-------- INPUT MATERIAL --------

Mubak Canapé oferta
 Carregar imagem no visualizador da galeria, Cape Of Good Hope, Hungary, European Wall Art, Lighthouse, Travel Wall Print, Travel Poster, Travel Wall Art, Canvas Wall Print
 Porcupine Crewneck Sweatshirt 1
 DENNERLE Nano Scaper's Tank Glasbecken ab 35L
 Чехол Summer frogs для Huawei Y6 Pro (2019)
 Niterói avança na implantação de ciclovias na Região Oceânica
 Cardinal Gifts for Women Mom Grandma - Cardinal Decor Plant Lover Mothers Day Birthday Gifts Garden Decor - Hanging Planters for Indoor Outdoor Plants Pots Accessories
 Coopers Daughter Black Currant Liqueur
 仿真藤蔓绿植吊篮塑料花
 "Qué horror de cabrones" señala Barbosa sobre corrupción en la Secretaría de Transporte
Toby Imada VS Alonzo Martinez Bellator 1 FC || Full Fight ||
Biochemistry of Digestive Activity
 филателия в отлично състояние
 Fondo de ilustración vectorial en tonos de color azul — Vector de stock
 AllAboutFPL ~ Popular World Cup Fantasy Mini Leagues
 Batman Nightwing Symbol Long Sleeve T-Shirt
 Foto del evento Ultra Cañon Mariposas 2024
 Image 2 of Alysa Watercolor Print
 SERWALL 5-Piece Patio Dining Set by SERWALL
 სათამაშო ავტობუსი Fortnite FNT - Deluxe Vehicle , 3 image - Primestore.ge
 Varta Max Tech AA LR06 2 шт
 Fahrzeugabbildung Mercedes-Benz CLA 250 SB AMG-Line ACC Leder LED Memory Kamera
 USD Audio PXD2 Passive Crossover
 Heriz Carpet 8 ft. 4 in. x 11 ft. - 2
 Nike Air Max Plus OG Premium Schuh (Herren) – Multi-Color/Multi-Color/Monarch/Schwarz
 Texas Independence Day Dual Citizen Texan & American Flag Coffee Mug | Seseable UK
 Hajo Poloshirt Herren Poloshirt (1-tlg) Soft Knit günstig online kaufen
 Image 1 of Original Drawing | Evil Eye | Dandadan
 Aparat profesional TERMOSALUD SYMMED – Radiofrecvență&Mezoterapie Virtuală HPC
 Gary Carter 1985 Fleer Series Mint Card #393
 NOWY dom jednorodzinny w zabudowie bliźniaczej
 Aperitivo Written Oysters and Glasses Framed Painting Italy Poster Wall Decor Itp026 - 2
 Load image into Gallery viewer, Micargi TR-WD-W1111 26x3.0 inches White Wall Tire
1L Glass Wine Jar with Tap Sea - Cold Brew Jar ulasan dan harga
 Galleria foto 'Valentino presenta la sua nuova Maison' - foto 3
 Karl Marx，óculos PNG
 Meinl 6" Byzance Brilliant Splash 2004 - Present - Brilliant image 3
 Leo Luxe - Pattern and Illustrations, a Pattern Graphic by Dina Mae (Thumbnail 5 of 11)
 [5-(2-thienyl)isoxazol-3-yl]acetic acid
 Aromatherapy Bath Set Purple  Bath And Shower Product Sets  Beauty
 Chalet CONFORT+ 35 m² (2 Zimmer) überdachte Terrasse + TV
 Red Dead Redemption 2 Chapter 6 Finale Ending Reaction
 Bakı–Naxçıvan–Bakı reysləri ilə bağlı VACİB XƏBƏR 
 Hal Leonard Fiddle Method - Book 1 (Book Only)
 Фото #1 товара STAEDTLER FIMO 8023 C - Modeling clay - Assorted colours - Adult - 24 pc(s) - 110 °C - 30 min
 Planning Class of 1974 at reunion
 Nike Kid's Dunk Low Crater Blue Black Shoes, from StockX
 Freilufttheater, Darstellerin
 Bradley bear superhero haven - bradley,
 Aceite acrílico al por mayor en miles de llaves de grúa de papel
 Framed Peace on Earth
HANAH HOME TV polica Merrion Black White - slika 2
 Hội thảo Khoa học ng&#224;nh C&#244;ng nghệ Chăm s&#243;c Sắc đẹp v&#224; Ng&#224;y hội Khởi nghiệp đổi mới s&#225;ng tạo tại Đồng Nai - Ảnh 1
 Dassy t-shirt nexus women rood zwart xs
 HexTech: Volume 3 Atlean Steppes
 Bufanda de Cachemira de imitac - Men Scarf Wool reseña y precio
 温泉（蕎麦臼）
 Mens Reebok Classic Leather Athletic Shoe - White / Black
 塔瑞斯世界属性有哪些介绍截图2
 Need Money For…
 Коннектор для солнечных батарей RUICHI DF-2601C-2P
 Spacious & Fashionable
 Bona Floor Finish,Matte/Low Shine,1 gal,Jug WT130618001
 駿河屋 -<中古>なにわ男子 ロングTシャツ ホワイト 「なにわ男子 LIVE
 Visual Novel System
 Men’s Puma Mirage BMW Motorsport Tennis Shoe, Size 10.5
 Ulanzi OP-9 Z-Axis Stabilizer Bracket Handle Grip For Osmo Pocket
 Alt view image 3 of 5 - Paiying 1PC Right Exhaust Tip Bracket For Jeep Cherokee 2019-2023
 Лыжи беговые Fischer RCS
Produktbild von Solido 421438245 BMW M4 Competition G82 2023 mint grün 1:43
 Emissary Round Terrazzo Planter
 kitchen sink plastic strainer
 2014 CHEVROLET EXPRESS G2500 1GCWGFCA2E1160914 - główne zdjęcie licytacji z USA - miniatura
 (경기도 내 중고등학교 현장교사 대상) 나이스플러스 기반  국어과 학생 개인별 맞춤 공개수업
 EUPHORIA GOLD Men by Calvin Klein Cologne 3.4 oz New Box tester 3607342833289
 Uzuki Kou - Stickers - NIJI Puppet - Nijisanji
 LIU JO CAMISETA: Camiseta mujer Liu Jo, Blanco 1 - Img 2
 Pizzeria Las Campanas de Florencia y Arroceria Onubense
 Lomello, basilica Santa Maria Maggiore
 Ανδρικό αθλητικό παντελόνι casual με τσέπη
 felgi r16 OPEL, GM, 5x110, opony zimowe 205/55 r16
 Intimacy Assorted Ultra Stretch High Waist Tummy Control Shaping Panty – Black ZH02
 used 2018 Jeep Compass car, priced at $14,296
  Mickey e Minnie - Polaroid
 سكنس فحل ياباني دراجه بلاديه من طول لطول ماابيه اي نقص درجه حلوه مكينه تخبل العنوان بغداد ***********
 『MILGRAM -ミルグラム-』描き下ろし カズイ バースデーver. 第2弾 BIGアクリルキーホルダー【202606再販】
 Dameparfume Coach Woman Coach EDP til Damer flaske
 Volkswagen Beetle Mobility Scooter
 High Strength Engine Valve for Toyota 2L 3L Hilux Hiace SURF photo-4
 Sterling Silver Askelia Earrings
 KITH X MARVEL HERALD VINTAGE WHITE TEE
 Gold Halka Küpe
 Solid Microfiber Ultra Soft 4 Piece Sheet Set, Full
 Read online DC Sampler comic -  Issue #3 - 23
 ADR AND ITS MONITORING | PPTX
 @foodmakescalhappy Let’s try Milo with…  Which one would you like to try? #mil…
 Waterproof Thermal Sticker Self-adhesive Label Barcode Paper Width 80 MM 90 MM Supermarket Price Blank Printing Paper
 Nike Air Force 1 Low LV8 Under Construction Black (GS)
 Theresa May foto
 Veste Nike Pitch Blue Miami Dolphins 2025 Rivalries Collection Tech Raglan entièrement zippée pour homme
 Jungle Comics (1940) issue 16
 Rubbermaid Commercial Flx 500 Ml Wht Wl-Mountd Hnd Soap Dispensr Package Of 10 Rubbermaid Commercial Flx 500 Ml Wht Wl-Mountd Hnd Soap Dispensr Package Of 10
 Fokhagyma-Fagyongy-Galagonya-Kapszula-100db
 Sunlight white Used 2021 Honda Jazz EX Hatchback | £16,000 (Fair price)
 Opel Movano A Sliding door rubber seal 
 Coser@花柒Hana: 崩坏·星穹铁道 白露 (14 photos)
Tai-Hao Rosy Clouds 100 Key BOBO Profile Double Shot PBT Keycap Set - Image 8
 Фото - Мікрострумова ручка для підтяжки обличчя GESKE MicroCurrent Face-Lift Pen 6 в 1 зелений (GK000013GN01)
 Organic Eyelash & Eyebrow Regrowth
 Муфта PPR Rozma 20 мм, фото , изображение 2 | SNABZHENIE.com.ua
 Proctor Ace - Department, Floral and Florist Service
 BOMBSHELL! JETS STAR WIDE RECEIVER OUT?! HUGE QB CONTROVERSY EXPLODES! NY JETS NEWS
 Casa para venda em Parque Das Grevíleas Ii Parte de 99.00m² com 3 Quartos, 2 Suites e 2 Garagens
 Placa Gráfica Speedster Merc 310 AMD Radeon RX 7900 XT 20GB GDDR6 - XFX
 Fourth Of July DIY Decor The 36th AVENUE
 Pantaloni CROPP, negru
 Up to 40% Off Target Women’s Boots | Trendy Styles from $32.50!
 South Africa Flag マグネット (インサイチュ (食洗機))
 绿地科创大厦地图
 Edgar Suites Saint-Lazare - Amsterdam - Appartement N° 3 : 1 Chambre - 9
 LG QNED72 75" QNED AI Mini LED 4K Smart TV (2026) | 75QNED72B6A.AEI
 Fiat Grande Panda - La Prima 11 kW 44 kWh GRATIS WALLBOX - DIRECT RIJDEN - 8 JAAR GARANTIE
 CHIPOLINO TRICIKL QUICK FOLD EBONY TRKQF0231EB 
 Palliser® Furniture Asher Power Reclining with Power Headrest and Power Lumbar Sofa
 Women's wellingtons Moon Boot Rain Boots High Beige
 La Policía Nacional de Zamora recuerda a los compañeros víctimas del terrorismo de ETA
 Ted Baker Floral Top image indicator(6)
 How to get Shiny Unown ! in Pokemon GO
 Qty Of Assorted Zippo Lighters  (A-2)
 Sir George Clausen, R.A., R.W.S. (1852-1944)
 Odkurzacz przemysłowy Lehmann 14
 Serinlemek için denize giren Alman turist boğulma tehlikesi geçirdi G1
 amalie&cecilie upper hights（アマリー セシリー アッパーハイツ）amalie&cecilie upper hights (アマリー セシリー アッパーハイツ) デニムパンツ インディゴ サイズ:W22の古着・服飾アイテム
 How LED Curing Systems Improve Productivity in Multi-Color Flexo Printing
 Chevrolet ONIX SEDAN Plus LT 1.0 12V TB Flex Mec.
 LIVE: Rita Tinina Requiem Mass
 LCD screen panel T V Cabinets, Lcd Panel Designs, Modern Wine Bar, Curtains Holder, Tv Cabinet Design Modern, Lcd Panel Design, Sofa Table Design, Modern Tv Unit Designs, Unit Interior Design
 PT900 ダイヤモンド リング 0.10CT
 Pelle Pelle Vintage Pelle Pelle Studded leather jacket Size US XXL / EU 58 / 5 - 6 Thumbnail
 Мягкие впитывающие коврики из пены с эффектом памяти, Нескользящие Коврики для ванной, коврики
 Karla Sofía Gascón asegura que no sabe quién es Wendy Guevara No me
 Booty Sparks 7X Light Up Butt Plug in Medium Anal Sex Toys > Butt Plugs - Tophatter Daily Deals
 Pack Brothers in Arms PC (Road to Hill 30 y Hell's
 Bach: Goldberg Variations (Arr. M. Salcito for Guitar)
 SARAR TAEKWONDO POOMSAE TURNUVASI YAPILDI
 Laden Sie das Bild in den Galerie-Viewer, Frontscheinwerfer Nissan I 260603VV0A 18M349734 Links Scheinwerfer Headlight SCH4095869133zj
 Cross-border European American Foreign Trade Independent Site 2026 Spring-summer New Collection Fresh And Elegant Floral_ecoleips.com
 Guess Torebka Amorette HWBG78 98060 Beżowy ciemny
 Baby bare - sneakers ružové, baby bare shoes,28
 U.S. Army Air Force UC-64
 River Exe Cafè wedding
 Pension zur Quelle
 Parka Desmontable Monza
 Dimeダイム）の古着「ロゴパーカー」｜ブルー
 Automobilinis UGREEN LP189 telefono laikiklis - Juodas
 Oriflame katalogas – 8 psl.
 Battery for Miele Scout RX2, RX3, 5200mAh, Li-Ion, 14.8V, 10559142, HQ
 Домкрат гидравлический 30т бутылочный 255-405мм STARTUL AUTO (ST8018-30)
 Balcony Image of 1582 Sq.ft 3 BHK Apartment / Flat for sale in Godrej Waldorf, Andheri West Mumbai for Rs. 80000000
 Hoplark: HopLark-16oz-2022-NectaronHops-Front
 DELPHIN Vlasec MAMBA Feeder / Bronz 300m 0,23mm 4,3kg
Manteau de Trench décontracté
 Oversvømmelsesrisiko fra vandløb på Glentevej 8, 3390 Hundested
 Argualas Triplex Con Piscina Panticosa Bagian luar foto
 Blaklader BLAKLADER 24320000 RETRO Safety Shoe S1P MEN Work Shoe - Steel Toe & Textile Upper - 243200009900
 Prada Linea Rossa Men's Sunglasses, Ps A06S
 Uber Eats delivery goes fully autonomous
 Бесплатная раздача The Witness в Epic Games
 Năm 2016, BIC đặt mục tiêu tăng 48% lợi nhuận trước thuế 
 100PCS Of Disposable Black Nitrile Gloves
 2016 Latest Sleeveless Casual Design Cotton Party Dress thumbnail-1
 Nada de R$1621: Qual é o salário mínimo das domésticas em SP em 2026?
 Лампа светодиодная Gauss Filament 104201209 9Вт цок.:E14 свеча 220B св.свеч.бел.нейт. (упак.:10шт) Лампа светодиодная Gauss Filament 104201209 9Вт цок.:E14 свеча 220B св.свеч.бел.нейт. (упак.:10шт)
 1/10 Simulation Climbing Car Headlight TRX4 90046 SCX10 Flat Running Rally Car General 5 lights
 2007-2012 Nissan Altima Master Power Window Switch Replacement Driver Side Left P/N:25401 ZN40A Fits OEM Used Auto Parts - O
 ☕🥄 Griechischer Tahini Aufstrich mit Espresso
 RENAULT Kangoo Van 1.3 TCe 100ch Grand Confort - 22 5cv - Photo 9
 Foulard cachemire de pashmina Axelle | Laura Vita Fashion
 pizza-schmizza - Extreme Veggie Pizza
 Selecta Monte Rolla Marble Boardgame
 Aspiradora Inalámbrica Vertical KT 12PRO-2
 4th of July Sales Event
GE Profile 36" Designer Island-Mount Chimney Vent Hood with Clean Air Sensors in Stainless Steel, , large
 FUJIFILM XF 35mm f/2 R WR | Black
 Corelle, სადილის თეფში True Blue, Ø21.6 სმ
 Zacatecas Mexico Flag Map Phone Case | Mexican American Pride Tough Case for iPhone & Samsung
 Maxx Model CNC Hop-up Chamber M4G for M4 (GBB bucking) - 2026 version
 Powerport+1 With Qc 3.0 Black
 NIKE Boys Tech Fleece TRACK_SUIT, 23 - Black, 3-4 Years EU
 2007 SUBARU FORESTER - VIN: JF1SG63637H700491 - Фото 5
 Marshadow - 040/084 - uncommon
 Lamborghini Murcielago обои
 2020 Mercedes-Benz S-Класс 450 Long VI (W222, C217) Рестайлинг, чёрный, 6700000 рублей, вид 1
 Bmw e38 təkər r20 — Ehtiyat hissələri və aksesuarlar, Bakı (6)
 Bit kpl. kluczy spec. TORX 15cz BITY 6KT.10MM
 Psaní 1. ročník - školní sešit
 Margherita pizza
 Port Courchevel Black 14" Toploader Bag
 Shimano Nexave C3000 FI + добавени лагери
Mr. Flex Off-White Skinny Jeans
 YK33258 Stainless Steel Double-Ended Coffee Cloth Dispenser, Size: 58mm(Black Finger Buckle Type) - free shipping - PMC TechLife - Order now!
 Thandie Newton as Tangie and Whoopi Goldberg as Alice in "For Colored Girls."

--------

Please transcribe only the portion of the material that starts at the line containing "Foulard cachemire de" and runs through its last line, inclusive, exactly as given.

 Foulard cachemire de pashmina Axelle | Laura Vita Fashion
 pizza-schmizza - Extreme Veggie Pizza
 Selecta Monte Rolla Marble Boardgame
 Aspiradora Inalámbrica Vertical KT 12PRO-2
 4th of July Sales Event
GE Profile 36" Designer Island-Mount Chimney Vent Hood with Clean Air Sensors in Stainless Steel, , large
 FUJIFILM XF 35mm f/2 R WR | Black
 Corelle, სადილის თეფში True Blue, Ø21.6 სმ
 Zacatecas Mexico Flag Map Phone Case | Mexican American Pride Tough Case for iPhone & Samsung
 Maxx Model CNC Hop-up Chamber M4G for M4 (GBB bucking) - 2026 version
 Powerport+1 With Qc 3.0 Black
 NIKE Boys Tech Fleece TRACK_SUIT, 23 - Black, 3-4 Years EU
 2007 SUBARU FORESTER - VIN: JF1SG63637H700491 - Фото 5
 Marshadow - 040/084 - uncommon
 Lamborghini Murcielago обои
 2020 Mercedes-Benz S-Класс 450 Long VI (W222, C217) Рестайлинг, чёрный, 6700000 рублей, вид 1
 Bmw e38 təkər r20 — Ehtiyat hissələri və aksesuarlar, Bakı (6)
 Bit kpl. kluczy spec. TORX 15cz BITY 6KT.10MM
 Psaní 1. ročník - školní sešit
 Margherita pizza
 Port Courchevel Black 14" Toploader Bag
 Shimano Nexave C3000 FI + добавени лагери
Mr. Flex Off-White Skinny Jeans
 YK33258 Stainless Steel Double-Ended Coffee Cloth Dispenser, Size: 58mm(Black Finger Buckle Type) - free shipping - PMC TechLife - Order now!
 Thandie Newton as Tangie and Whoopi Goldberg as Alice in "For Colored Girls."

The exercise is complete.